|
Von Plato zur Nato", glauben viele Europäer und Amerikaner, stürme die Freiheit des Menschengeschlechts ständig vorwärts. Der britische Zeithistoriker Timothy Garton Ash von der Universität Oxford sieht weltweit das Zeitalter der Freiheit anbrechen, sofern die richtige Politik gemacht werde. Hierzu sei das Verhältnis zwischen den USA und Europa neu zu justieren.
Garton Ash betrachtet das heutige Europa und geht der Frage nach, welche Gestalt es nach dem Ende des Kalten Krieg s annehmen soll? Die besten, weil historisch fundierten Partien dieses Buches betreffen Großbritannien und Frankreich. Deutschland und das übrige Europa erörtert Garton Ash eher beiläufig.
Die Außenpolitik Tony Blairs schwanke in der Tradition Churchills zwischen Europa und Amerika. Im Zweifelsfall würden die meisten Briten eine atlantische Kursrichtung bevorzugen. Hingegen vertrete Frankreich die "euro-gaullistische" Gegenposition. Paris hoffe, gestützt auf Deutschland, das kontinentale Europa, unabhängig von Washington, zu dominieren. Heute jedoch, nach der Osterweiterung der EU, sei dieses Konzept der 50er und 60er Jahre veraltet.
Die meisten europäischen Länder würden Europa als "Nicht-Amerika" verstehen; es entspreche europäischer Tradition, das Prinzip der sozialen Gerechtigkeit zu betonen. In den USA obwalteten sozialdarwinistische Prinzipien. Europa beherberge einen "Dschungel" unterschiedlicher Interessen und Auffassungen. Dazu gehörten auch widersprüchliche Einschätzungen der USA. Manche europäische Länder, darunter Deutschland, wollten sich von den USA emanzipieren, während andere Staaten Bushs Irakkrieg unterstützten.

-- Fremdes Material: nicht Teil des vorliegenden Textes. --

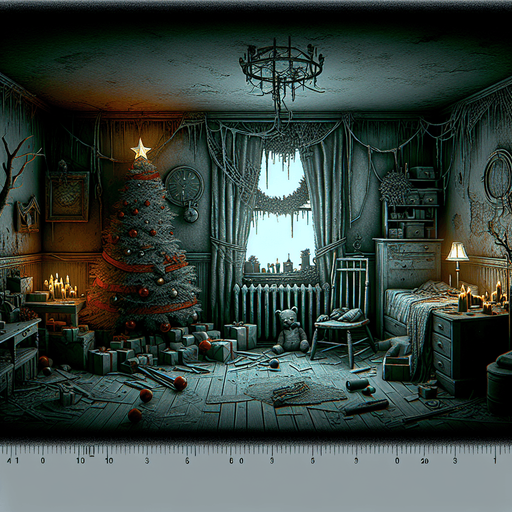 Eerie Christmas-inspired fuse similar to a resident evil room
Single Game Texture. In-Game asset. 2d. Blank background. High contrast. No shadows.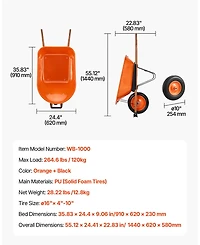 Sugift Traditional One-Wheel Wheelbarrow with 5 Cu.Ft Capacity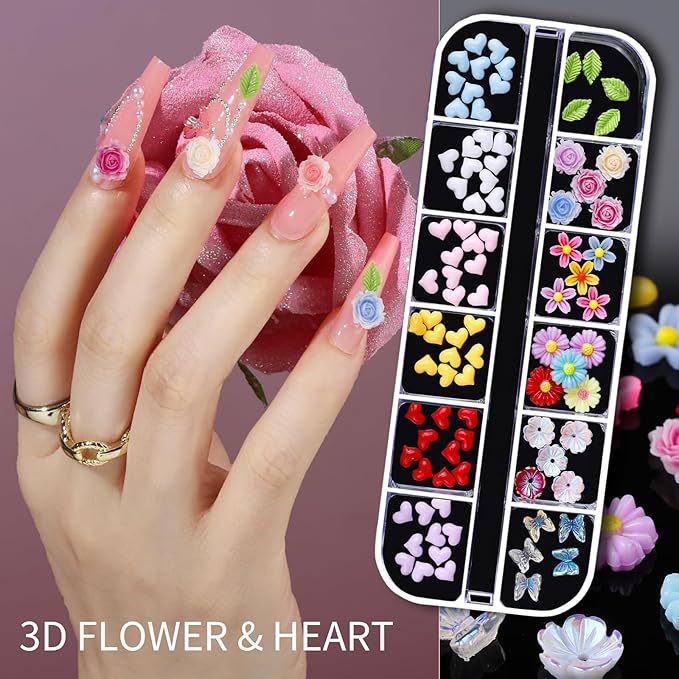 Teenitor Nail Charms and Gems Nail Art Tools, 6 Boxes 3D Nail Gems with 15 Sheets Nail Stickers for Nail Art, Flower Nail Stickers Nail Rhinestones Nail Supplies, Nail Pearls Nail Stuff Nail Decor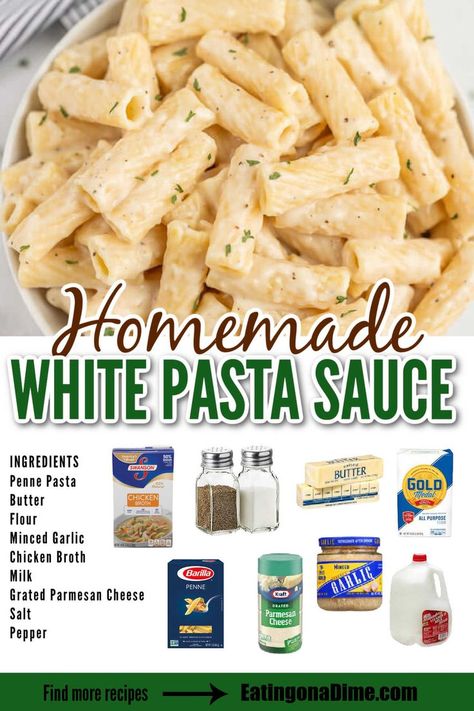 This amazing and creamy white pasta sauce recipe is a super quick and simple dish that's ready in minutes and is packed with tons of flavor! This white pasta sauce without heavy cream is so simple to make and tastes amazing too.  Everyone will love this white pasta sauce with milk recipe.  #eatingonadime #pastarecipes #saucerecipes Dips, Ideas, Cream Sauce Pasta, Homemade Pasta Sauce Easy, White Pasta Sauce Recipe, White Sauce Pasta, Creamy Pasta Sauce, Cheese Sauce For Pasta, Pasta Sauce Recipes With Milk
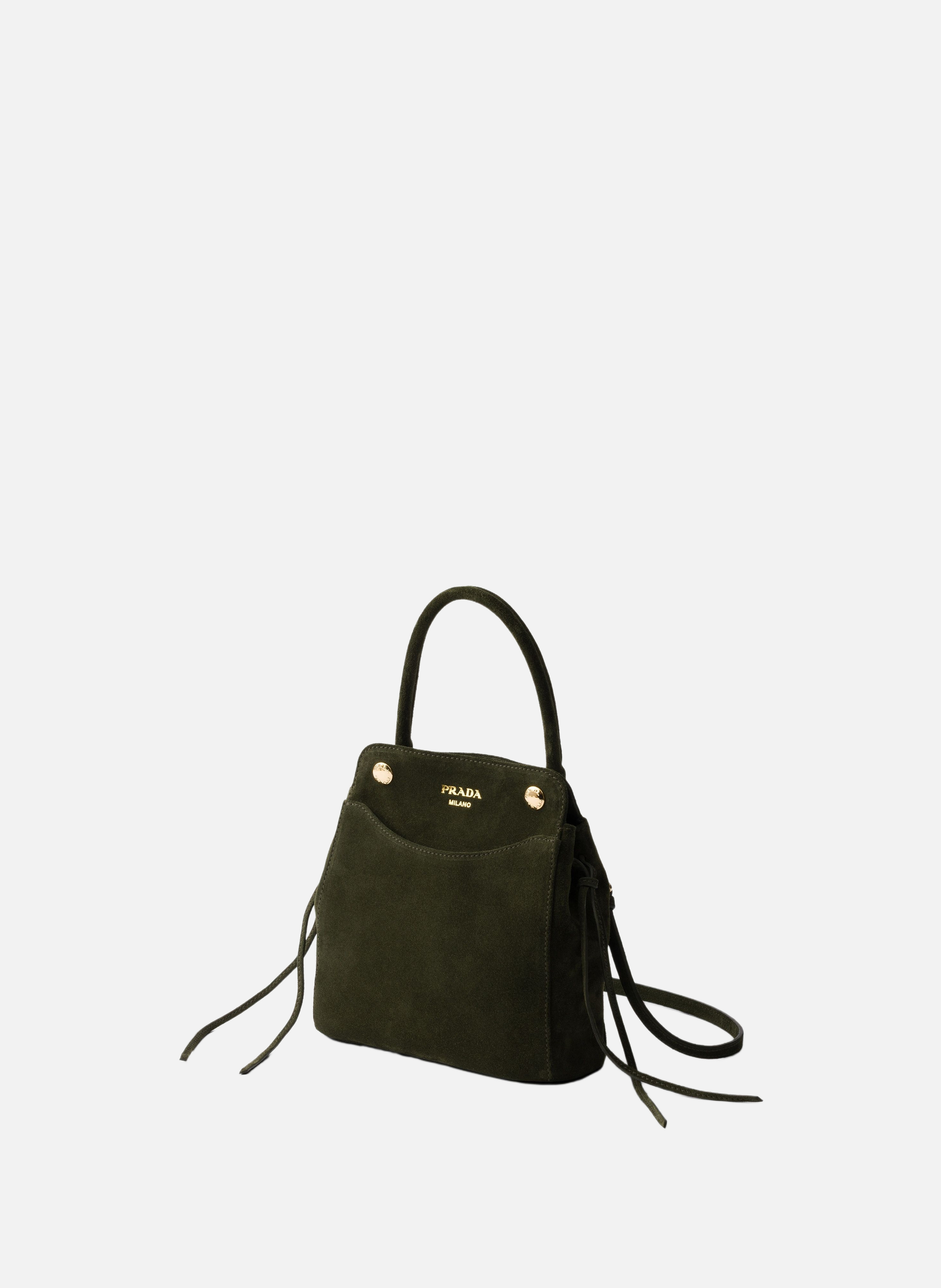 Mini sac prada carry en daim PRADA Vert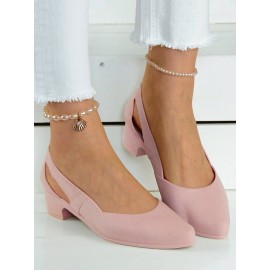 Waterproof Hollow Out Block Heel Beach Shoes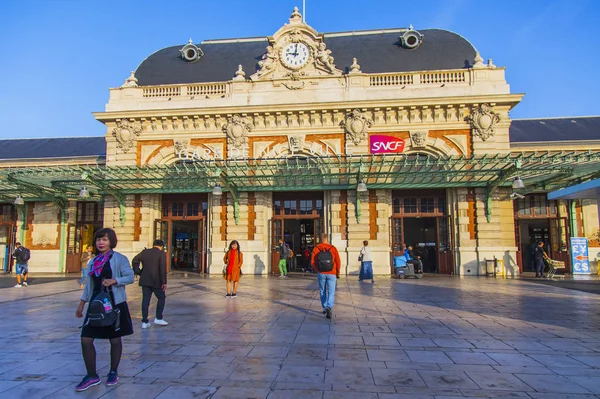 Nice France October 2019 Facade Gare Nice Railway Station Building — Stock Photo, Image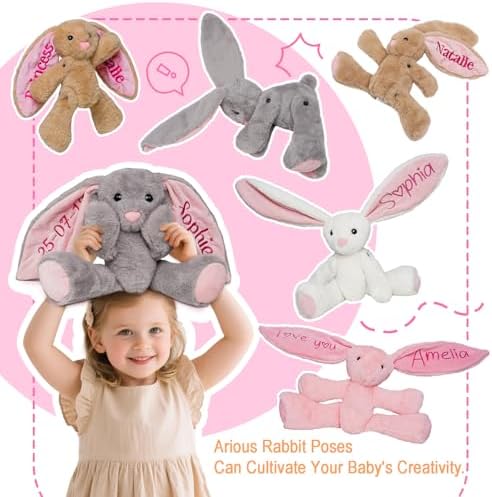 Personalized Bunny Plush with Embroidery Name,Bunny Stuffed Animal Toys - Image 4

Außerdem entdeckt Garton Ash verschiedene politische Strömungen in den USA. Generell seien die Amerikaner zwar religiöser, unsozialer und individualistischer orientiert als viele Europäer, dennoch hegten manche Amerikaner auch europäische Überzeugungen und kritisierten weltpolitische Engagements ihres Landes. In den europäisch-amerikanischen Beziehungen gäbe es gleichermaßen Anziehung und Abstoßung.
Jeder Tendenz stehen dem Autor zufolge Antikräfte gegenüber. Diese - gewiß lobenswerte - differenzierte Betrachtung legt allerdings die Frage nahe, welche Konsequenzen daraus resultieren. Genau hier liegt die zentrale Schwäche des Buches. Garton Ash analysiert viel zu wenig. Wie soll eine demokratisch regierte EU konkret aussehen, wenn deren Mitglieder höchst gegensätzliche Meinungen und Interessen vertreten? Garton Ash verschweigt diese unangenehme Frage. Europa stecke seit 2.500 Jahren in der "Planungsphase", sagt der französische Historiker Jaques Le Goff, und wenig spricht dafür, daß sich diese Lage grundsätzlich ändert. Im verborgenen erkennt Garton Ash sehr wohl die Tücken europäischer Politik. Er sieht die "Gefahr, daß die Institutionen der Europäischen Union allmählich zur Bedeutungslosigkeit absinken wie im Fall des Heiligen Römischen Reiches".
Endlose Spekulationen darüber, welche Konturen das Verhältnis zwischen Europa und den USA künftig gewinnt, erinnern an Kaffeesatzleserei. Garton Ash bevorzugt ein Gleichgewicht zwischen "Gaullisten" und "Atlantikern".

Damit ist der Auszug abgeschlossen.